What does it look like?
Part 3: Banking-as-a-Sevice
Banking has traditionally been a closed and highly vertical industry. Yet, banking is currently undergoing a massive transformation that involves opening up and providing external parties with access to data, functions and customers. While this may still seem like an uncompetitive move, many banks are moving towards a more open way of operating. Thus, they are embracing this change and partnering with external providers that can benefit the most from new revenue streams and attract new customers.
“Banking-as-a-service (BaaS) is an end-to-end process where third parties — FinTech, non-FinTech, developers, etc. — can access and execute financial services capabilities without having to develop them organically.”
The BaaS philosophy consists in banks providing third parties with access to core systems and functions so that they can integrate digital banking and payment services into their own products. From the bank's perspective, this involves a more modular way of working and allowing the ecosystem of fintech companies and software vendors to connect to the bank using dedicated APIs.
These third-party vendors may offer products and services that significantly improve customer's interactions with the bank and/or service provider. By partnering with service providers and fintech companies, banks can help them to overcome the regulatory landscape of the financial services industry. Banks can also provide access to licensing, regulatory support, and other features that would traditionally be difficult to access and that would typically require time costly processes.
The notion of “Banking-as-a-Service” is often understood as a synonym of “open banking” as both involve the sharing the bank facilities with external parties. Yet, those are actually two different concepts. While open banking, the bank provides third-party providers with access to existing data through its open APIs in accordance with government regulation or initiatives, Banking-as-a-service consists in banks opening access to its specific services such as payments, lendings or account opening to non-banking parties thus making them accessible to non-related audiences and fields.
The “Banking-as-a-Service” solution results in numerous benefits for both banks and third-party providers. Creating “Banking-as-a-Service” platform helps traditional banks to diversify their revenue streams at low costs by implementing revenue sharing agreements, setting setup and recurring fees. They also get access to “fresh” customer bases including unbanked layers and international clients.
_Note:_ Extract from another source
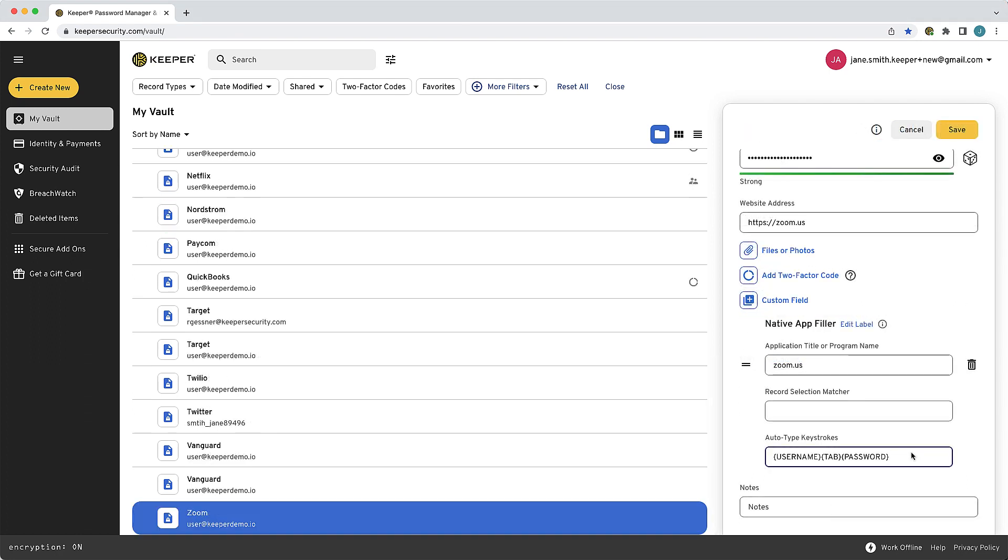Keeper can automatically fill custom fields into any native application using a set of custom keystrokes with the native app filler custom field type. To learn more, check out our native app filler video linked in the description.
At the same time, their existing and those new customers can benefit from wider service range within one ecosystem/solution which increases customer loyalty.
One of the main benefits of third-party service providers including financial, payment and software startups is, of course, the faster market access in one of the most competitive fields in the world. Alongside with faster development and easier go-to-market process, those third-party projects overcome regulatory complexities, the stage where most of fintechs get stuck today.
Thus, while traditional banking models are suffering from multiple market challenges, their only reasonable solution seems to become modular and platform-based for effective and fast partnerships and, as a result, service range constant growth. Such a conceptual solution is the only one to help traditional banking institutions to keep their client base and continue world expansion even faster than ever before.
By offering Banking-as-a-Service, financial institutions can increase profit from their strong points and become partners with fintech projects (and especially unicorns among them) instead of competing with them. Most traditional banking models offer end-to-end banking solutions - from customer acquisition, connection, service, maintenance to increasing wallet share. With the BaaS concept, banks will have to recognize the efficiency of focusing on key competences in which they are strong and partner with specific service providers in those areas where their competence is lower.